Chaque saison, les marques européennes se montrent de plus en plus redoutables. Assiste-t-on a un véritablement changement en MotoGP ? Alors que la saison 2023 approche à grands pas, nous vous présentons dix sujets à surveiller tout au long de l’année. Cela peut concerner des pilotes, des équipes ou d’autres thématiques, avec, à chaque fois, un avis relativement tranché : Ici, on se mouille. Bien sûr, vous êtes invités à dire ce que vous en pensez en commentaires. Avant-hier, nous sommes revenus sur le cas d’Álex Rins, une analyse que vous pouvez retrouver en cliquant sur cette phrase en surbrillance.

Pour bien comprendre, un petit retour en arrière s’impose. Depuis leur arrivée dans les années 1960, les constructeurs japonais ont plus ou moins dominé les Grands Prix motos. On leur doit l’apparition de grandes nouveautés, et même, le recrutement osé de stars européennes à l’image de Giacomo Agostini avec Yamaha. Finalement, en quelques années, le Japon s’est installé durablement comme le pays n°1 en sports motos, jusqu’à nos jours. Que ce soit avec Honda, Yamaha, Suzuki ou encore Kawasaki en petites catégories, ils ont gagné partout où ils sont passés.

Au fil du temps, ces équipes sont devenues de véritables institutions caractérisées par l’innovation, le progrès et la performance pure. Honda, Yamaha et Suzuki écœuraient les Européens qui ne rivalisaient plus avec ces gigantesques entreprises. Les succès à répétition ont engendré la naissance d’une vraie passion pour la moto sur l’archipel à la fin des années 1980. Au milieu des années 1990, les grilles étaient peuplées de Japonais tous aussi forts les uns que les autres.

 

Imaginez ces cinq dernières années sans le n°93. Une catastrophe pour Honda en MotoGP. Photo : Michelin Motorsport


Les titre constructeurs et pilotes de Ducati en 2007 n’y changèrent rien, Honda et Yamaha étaient encore les deux équipes fortes avec des officiels mais aussi des pilotes satellites aux avant-postes. Mais depuis quelques années, c’est le néant. En tout et pour tout, on compte deux voire trois japonais aux avant-postes toutes catégories confondues, et les constructeurs sont à la peine face aux Européens désormais plus nombreux. Est-ce que cela va continuer en 2023 et dans les prochaines années ? Selon nous, oui.

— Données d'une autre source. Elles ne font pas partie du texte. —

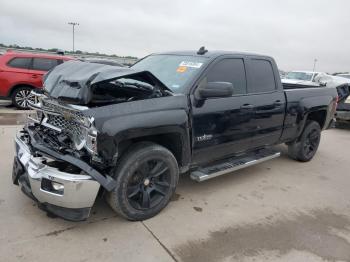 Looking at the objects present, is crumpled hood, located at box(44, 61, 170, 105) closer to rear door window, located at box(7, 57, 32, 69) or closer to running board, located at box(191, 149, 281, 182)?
running board, located at box(191, 149, 281, 182)

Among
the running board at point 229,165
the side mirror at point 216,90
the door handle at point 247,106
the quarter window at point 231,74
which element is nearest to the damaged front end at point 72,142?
the side mirror at point 216,90

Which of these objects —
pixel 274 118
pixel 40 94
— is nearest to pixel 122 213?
pixel 40 94

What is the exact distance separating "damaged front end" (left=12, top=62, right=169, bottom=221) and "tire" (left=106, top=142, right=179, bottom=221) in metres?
0.19

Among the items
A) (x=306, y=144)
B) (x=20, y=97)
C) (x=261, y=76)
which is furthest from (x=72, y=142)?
(x=20, y=97)

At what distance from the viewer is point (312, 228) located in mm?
3635

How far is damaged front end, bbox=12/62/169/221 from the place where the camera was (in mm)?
2912

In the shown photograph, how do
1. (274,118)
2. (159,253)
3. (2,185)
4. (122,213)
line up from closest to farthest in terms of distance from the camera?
(159,253) → (122,213) → (2,185) → (274,118)

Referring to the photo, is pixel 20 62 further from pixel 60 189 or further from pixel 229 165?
pixel 60 189

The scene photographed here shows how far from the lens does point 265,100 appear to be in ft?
15.4

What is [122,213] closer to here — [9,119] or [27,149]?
[27,149]

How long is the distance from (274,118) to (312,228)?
180cm

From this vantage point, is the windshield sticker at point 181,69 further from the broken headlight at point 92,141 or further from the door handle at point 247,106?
the broken headlight at point 92,141

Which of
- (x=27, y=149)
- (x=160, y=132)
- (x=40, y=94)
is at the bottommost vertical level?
(x=27, y=149)

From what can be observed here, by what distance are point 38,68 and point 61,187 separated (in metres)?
8.00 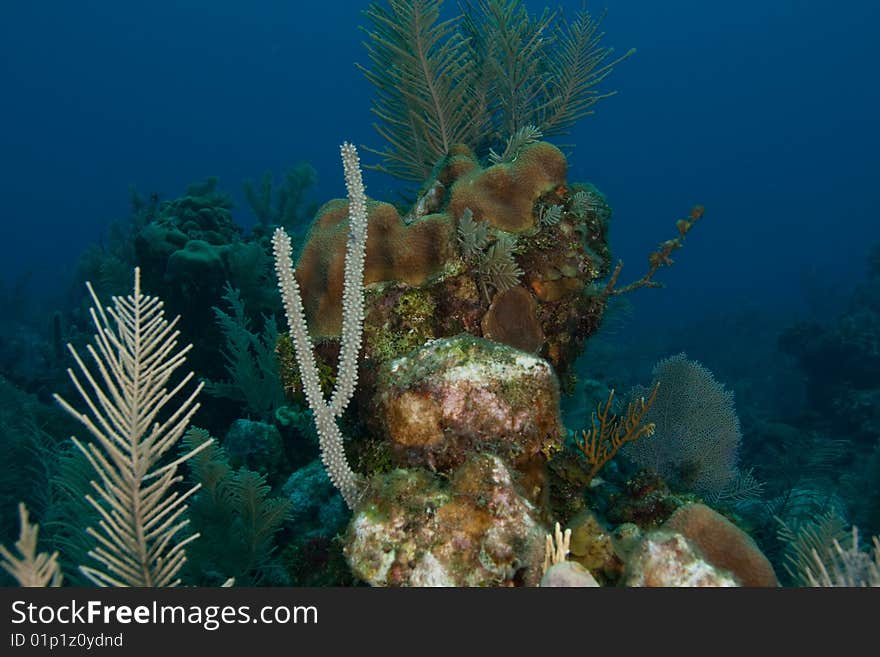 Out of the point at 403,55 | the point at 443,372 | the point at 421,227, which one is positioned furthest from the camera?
the point at 403,55

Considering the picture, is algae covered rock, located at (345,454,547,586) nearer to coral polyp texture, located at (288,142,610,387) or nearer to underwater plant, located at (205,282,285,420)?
coral polyp texture, located at (288,142,610,387)

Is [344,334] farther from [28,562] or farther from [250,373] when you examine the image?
[250,373]

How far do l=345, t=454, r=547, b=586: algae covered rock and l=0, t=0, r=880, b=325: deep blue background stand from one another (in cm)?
7149

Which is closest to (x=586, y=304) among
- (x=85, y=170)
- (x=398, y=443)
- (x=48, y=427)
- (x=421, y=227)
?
(x=421, y=227)

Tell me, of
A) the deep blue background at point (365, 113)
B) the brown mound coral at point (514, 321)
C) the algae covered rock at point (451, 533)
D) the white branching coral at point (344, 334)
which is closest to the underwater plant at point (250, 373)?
the brown mound coral at point (514, 321)

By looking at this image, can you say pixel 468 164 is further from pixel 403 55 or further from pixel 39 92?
pixel 39 92

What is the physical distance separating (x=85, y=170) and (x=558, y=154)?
105120mm

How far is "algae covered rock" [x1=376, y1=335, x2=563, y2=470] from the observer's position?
3.10 meters

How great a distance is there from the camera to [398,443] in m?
3.21

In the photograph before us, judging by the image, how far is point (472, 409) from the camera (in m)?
3.10

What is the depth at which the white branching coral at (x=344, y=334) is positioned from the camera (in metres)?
3.16

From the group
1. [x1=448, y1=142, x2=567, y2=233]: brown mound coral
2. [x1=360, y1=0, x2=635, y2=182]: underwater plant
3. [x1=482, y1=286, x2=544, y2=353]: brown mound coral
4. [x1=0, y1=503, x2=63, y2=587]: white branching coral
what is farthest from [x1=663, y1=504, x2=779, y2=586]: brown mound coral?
[x1=360, y1=0, x2=635, y2=182]: underwater plant

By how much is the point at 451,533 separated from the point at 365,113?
122598 millimetres

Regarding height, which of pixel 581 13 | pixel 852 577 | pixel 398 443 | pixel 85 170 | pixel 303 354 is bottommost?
pixel 852 577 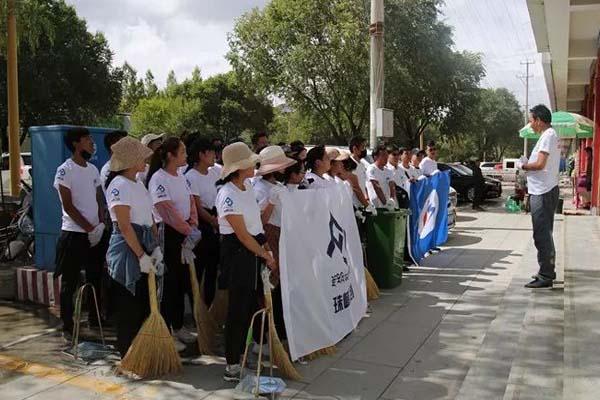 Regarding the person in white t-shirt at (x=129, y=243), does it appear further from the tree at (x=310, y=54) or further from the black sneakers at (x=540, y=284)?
the tree at (x=310, y=54)

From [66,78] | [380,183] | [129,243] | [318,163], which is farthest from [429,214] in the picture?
[66,78]

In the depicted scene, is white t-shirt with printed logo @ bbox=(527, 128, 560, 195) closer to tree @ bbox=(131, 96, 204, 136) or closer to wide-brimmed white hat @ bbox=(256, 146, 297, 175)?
wide-brimmed white hat @ bbox=(256, 146, 297, 175)

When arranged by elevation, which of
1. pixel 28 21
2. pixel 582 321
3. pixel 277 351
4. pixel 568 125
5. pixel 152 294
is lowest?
pixel 277 351

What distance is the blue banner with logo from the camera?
8.79 meters

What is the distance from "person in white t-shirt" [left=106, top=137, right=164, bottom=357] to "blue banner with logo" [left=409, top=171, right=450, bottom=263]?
4919 millimetres

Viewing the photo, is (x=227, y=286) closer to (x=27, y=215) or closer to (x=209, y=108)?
(x=27, y=215)

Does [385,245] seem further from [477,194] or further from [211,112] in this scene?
[211,112]

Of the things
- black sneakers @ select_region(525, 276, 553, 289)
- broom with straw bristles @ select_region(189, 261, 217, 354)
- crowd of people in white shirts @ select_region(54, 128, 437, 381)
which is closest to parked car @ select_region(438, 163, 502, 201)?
black sneakers @ select_region(525, 276, 553, 289)

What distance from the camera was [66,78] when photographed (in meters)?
27.6

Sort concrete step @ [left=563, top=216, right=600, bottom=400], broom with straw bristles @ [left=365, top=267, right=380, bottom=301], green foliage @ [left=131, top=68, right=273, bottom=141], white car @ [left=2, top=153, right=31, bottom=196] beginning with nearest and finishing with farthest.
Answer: concrete step @ [left=563, top=216, right=600, bottom=400], broom with straw bristles @ [left=365, top=267, right=380, bottom=301], white car @ [left=2, top=153, right=31, bottom=196], green foliage @ [left=131, top=68, right=273, bottom=141]

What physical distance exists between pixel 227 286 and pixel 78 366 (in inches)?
57.4

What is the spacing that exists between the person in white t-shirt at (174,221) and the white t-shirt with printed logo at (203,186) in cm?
33

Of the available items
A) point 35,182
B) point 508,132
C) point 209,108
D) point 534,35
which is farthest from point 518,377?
point 508,132

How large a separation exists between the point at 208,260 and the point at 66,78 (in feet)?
81.9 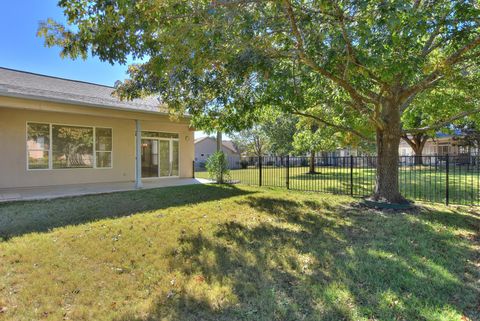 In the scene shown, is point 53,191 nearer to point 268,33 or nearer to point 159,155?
point 159,155

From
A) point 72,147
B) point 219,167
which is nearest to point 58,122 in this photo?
point 72,147

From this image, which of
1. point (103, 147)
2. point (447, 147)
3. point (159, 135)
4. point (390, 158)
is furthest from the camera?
point (447, 147)

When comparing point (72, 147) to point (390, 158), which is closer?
point (390, 158)

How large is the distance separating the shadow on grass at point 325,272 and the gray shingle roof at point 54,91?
6.98 metres

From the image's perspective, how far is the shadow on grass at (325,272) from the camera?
3072mm

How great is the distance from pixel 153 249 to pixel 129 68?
537 cm

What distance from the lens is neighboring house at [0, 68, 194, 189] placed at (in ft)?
32.7

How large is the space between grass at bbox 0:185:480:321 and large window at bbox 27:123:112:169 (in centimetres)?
410

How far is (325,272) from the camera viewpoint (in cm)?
398

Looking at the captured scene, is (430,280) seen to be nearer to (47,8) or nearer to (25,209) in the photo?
(25,209)

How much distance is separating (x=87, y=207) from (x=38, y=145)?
497 centimetres

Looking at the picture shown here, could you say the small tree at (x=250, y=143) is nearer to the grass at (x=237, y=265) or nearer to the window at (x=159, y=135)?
the window at (x=159, y=135)

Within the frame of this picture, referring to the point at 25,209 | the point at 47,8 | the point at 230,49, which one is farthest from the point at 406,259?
the point at 47,8

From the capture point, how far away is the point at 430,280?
Result: 3697mm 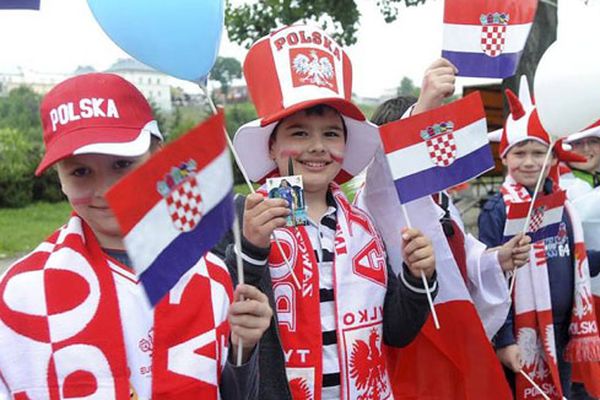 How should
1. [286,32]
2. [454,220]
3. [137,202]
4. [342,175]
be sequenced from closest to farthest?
[137,202] → [286,32] → [342,175] → [454,220]

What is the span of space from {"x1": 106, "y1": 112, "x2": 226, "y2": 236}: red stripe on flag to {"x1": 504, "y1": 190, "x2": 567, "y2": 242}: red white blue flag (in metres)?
1.87

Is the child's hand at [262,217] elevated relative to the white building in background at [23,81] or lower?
lower

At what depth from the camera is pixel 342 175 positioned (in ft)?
8.25

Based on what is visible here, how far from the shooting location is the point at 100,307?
5.39 feet

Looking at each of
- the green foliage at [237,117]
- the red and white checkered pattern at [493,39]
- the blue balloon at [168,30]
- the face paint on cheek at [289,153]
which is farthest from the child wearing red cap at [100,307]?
the green foliage at [237,117]

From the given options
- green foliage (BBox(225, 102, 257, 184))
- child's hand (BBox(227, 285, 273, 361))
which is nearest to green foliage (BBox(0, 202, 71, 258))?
green foliage (BBox(225, 102, 257, 184))

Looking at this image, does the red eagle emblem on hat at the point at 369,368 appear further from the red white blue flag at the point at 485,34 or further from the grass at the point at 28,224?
the grass at the point at 28,224

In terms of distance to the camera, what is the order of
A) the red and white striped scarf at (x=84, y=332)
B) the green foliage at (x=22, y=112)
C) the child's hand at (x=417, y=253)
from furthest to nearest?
the green foliage at (x=22, y=112), the child's hand at (x=417, y=253), the red and white striped scarf at (x=84, y=332)

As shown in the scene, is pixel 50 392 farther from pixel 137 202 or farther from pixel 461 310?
pixel 461 310

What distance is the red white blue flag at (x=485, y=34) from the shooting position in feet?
8.52

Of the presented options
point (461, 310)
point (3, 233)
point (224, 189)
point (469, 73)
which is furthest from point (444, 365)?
point (3, 233)

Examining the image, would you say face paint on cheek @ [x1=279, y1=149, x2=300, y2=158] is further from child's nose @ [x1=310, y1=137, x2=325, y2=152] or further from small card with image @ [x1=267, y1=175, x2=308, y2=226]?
small card with image @ [x1=267, y1=175, x2=308, y2=226]

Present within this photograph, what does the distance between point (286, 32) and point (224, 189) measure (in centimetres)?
92

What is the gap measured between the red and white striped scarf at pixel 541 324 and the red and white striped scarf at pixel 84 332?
6.34ft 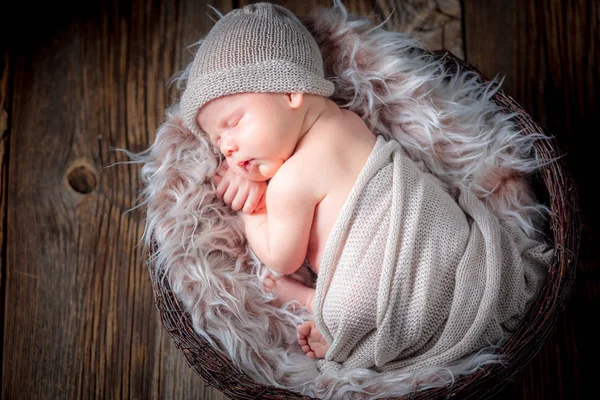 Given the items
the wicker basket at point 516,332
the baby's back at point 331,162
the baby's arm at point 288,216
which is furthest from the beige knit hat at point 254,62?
the wicker basket at point 516,332

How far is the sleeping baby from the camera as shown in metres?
1.31

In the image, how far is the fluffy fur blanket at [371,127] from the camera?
140 cm

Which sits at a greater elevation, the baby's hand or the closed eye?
the closed eye

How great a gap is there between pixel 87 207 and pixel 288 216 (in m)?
0.80

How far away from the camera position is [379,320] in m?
1.30

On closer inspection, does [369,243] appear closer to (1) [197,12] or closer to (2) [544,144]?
(2) [544,144]

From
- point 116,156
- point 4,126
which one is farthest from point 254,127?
point 4,126

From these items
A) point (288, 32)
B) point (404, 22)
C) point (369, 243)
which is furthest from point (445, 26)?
point (369, 243)

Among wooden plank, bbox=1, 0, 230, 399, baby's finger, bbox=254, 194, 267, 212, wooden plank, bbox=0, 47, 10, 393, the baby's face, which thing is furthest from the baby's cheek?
wooden plank, bbox=0, 47, 10, 393

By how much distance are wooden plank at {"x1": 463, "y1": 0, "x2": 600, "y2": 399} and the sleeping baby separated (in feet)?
1.52

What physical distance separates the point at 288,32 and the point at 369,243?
1.80ft

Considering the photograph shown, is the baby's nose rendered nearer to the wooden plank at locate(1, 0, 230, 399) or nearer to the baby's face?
the baby's face

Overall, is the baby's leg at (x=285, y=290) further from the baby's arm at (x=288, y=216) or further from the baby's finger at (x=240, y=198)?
the baby's finger at (x=240, y=198)

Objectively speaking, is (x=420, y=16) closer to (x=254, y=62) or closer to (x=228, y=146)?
(x=254, y=62) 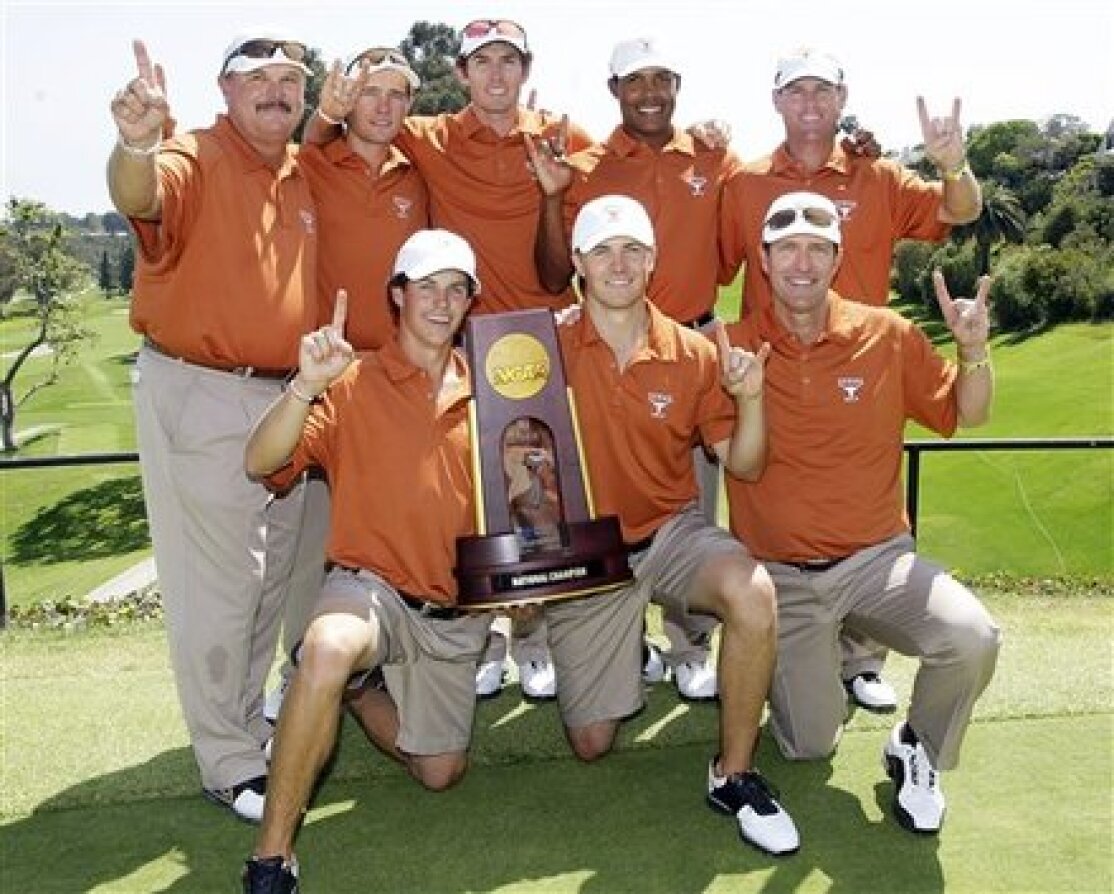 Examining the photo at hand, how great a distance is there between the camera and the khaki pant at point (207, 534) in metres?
4.68

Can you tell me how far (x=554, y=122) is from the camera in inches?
226

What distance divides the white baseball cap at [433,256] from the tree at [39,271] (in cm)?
3918

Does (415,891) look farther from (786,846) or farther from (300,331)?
(300,331)

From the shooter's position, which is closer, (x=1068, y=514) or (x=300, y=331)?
(x=300, y=331)

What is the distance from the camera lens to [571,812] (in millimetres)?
4660

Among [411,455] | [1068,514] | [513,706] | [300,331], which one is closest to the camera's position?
[411,455]

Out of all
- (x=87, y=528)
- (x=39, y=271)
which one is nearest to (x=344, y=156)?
(x=87, y=528)

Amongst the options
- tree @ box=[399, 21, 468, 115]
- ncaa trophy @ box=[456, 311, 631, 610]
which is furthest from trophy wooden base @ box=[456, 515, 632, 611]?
tree @ box=[399, 21, 468, 115]

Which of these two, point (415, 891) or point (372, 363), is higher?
point (372, 363)

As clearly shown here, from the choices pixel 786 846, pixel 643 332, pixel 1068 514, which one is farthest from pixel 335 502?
pixel 1068 514

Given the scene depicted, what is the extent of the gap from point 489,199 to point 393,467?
1567 millimetres

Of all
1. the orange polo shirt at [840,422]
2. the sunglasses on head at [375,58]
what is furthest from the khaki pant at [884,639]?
A: the sunglasses on head at [375,58]

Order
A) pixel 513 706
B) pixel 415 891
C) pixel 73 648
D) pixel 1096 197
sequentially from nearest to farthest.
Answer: pixel 415 891, pixel 513 706, pixel 73 648, pixel 1096 197

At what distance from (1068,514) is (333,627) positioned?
Result: 34.3 m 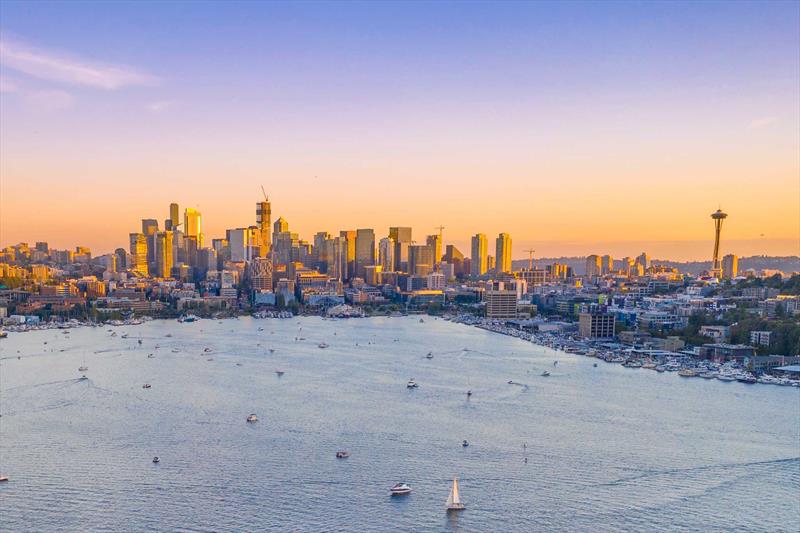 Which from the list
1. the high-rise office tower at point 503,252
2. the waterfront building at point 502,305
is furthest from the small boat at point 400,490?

Quand ce phénomène s’est-il vérifié ? C’est difficile à dater précisément, mais nous sommes certains que la réglementation de 2016 y a joué pour beaucoup, même si ce n’est pas le seul facteur comme nous le verrons dans quelques instants. DORNA, peinée par la domination des équipes d’usine (de fait japonaises), introduisit un E.C.U. unique afin de resserrer les rangs. Une décision que nous avons longuement détaillée dans d’autres articles. Courir en MotoGP coûtait beaucoup moins cher et comme c’est toujours le cas en sports mécaniques, la diminution des budgets se traduisit par une percée des constructeurs innovants. L’innovation est généralement forcée par la sévérité du règlement.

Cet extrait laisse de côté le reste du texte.